I got the clock and I got tens of 74HC595. I could even make a shift register with a 74HC574 or 74HC293. I have also already written 2 working serial receive circuits in VHDL so it shouldn't be hard to design another with TTL-style logic. But for this project I don't have the luxury of spawning arbitrary logic with a few key presses and some clicks.

The shift register is only the easy part of the story. Serial reception is classically the domain of finite state machines, with counters peppered here and there. Furthermore, that kind of circuit has to work with several clock granularities because

1. If you have an existing clock at the right baud rate, it doesn't matter because the sender certainly is phase-shifted.
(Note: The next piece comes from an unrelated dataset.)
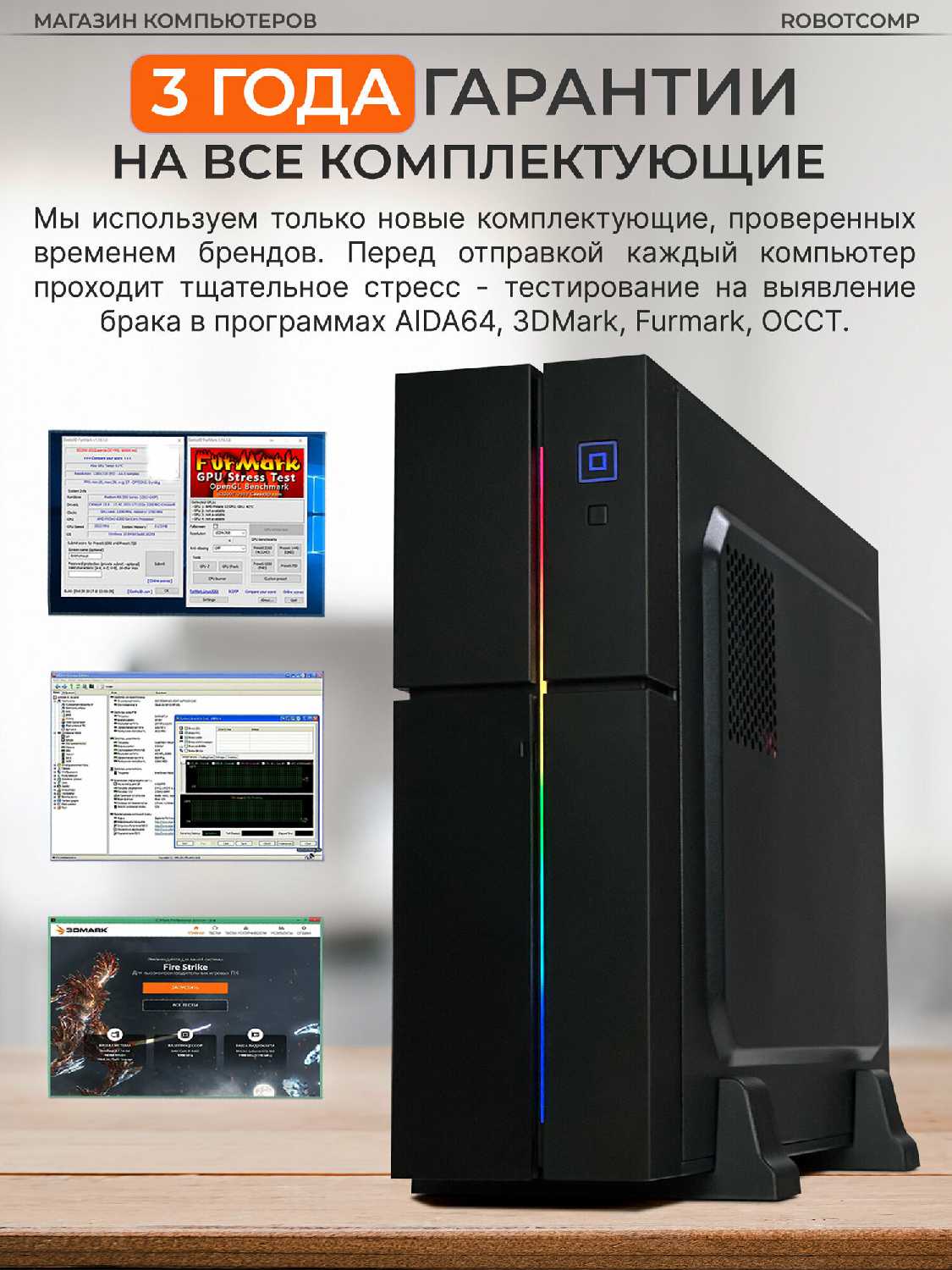 Аллигатор Мини 2.0 фотография 8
We can forget the baud generator of board P1B.
2. You need a main clock that is a multiple of the baud rate (we got it already)
3. You have to divide this clock again to get the baud rate, but you have to synchronise it "somehow", so it runs with the right phase.
4. Oh and once synchronised, actual data synchronisation happens by delaying the shift clock by half a bit-time, not a full bit time, so you have to handle two durations...

Let's add another constraint. No, I don't care about parity (we're doing 1 start and 1 stop bit only). To increase reliability, the start bit must be low during a whole half cycle. Only then can we start shifting data in.

In my VHDL designs, I reduce the complexity and save a few gates with a little neat trick : the shift register is reset to all 1s before shifting the start bit in. When the last bit of the shift register is reaching "0" we know that all the data bits are shifted in. Then we just have to check the value of the stop bit, if it reads as "1" then the byte is valid.

With the '595 or the '273, the CLR pin clears the registers to 0. This inverts the whole logic but it is still possible : just OR the data input pin at the right moment, to make the start bit look like 1. The shift will end when the last bit (at the other end of the shift register) changes from 0 to 1.

The choice of the part will depend on whether I'll need the '595's tristate output.

The "shift trick" is useful in VHDL because I want to keep the gate count as low as possible. However I can instantiate as many bits in the shift register but I can't hold the necessary 9 bits in the '595 or the '273.

With this discrete system, I might as well use another CD4040 with its extra divider stages and they can be used as a substitute for a proper finite state machine.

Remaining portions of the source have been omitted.